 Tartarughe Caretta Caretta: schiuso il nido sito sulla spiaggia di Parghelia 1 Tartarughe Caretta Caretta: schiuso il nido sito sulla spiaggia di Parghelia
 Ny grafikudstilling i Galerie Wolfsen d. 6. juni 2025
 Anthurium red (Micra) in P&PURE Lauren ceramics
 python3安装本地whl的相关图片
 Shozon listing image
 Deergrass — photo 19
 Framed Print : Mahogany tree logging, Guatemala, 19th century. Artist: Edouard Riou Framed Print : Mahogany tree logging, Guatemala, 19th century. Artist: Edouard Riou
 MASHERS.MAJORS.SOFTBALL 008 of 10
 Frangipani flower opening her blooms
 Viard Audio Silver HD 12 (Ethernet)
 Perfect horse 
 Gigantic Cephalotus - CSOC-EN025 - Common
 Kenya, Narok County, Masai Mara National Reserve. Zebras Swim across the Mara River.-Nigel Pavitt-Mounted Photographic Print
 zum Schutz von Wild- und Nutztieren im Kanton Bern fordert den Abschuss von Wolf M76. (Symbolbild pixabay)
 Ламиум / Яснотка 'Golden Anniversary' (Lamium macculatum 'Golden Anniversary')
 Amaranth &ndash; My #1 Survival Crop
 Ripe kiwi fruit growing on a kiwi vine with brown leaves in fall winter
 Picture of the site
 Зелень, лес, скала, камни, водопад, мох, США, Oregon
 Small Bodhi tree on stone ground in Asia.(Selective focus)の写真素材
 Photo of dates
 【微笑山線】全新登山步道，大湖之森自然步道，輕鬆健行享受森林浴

About this exercise — Find the line that contains "Frangipani flower opening her blooms" in the data above. Reproduce it and every later line exactly, through the last one.

Solution to this exercise —
 Frangipani flower opening her blooms
 Viard Audio Silver HD 12 (Ethernet)
 Perfect horse 
 Gigantic Cephalotus - CSOC-EN025 - Common
 Kenya, Narok County, Masai Mara National Reserve. Zebras Swim across the Mara River.-Nigel Pavitt-Mounted Photographic Print
 zum Schutz von Wild- und Nutztieren im Kanton Bern fordert den Abschuss von Wolf M76. (Symbolbild pixabay)
 Ламиум / Яснотка 'Golden Anniversary' (Lamium macculatum 'Golden Anniversary')
 Amaranth &ndash; My #1 Survival Crop
 Ripe kiwi fruit growing on a kiwi vine with brown leaves in fall winter
 Picture of the site
 Зелень, лес, скала, камни, водопад, мох, США, Oregon
 Small Bodhi tree on stone ground in Asia.(Selective focus)の写真素材
 Photo of dates
 【微笑山線】全新登山步道，大湖之森自然步道，輕鬆健行享受森林浴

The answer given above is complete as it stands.